Once you find the line below that has "saxon 10x Metal", output it and every line after it exactly, stopping after the line that has "Kloster Kitchen Bio", with no pictures.

MATERIAL FOR THE TASK -

┄┄┄┄┄┄

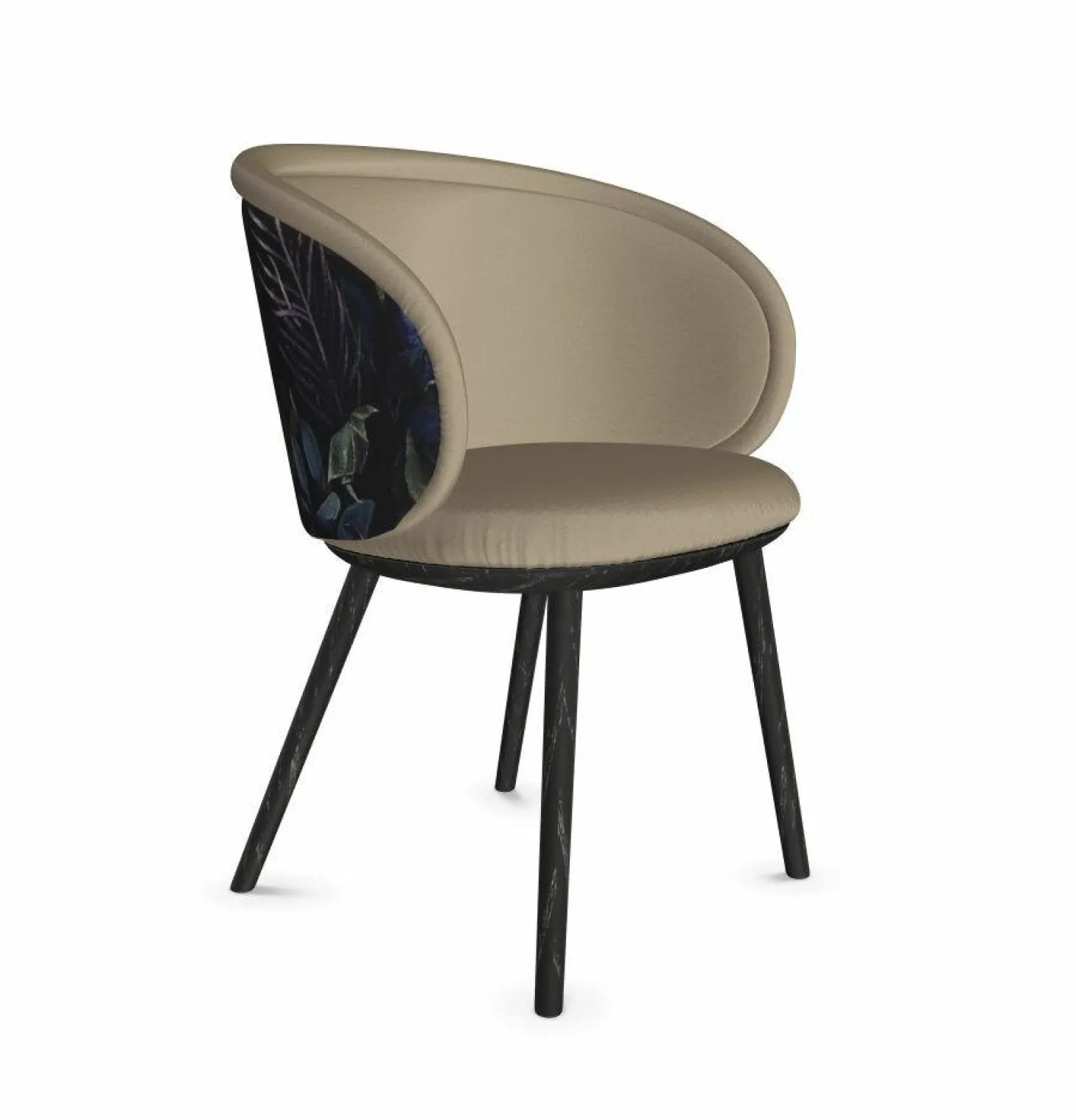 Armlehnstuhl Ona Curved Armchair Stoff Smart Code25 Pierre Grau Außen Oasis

┄┄┄┄┄┄

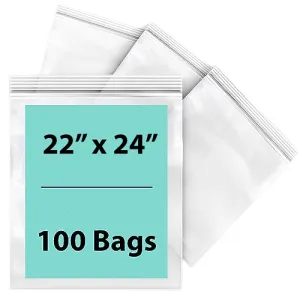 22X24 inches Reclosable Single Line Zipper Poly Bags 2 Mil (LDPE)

┄┄┄┄┄┄

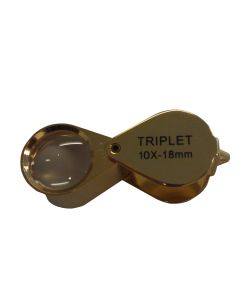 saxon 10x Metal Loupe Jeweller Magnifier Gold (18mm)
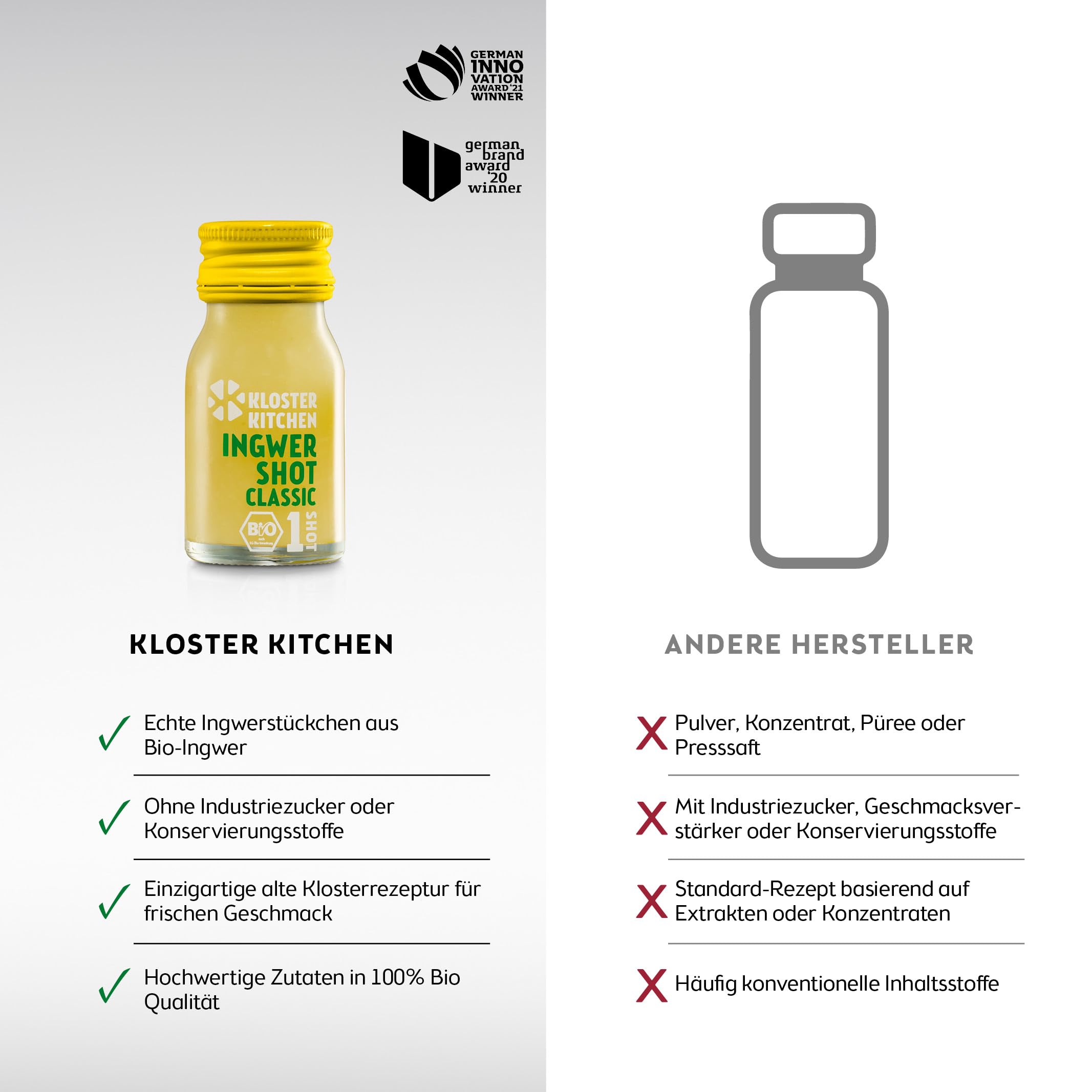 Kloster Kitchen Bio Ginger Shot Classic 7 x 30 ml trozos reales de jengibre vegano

┄┄┄┄┄┄

SOLUTION TO THIS EXERCISE -
 saxon 10x Metal Loupe Jeweller Magnifier Gold (18mm)
 Kloster Kitchen Bio Ginger Shot Classic 7 x 30 ml trozos reales de jengibre vegano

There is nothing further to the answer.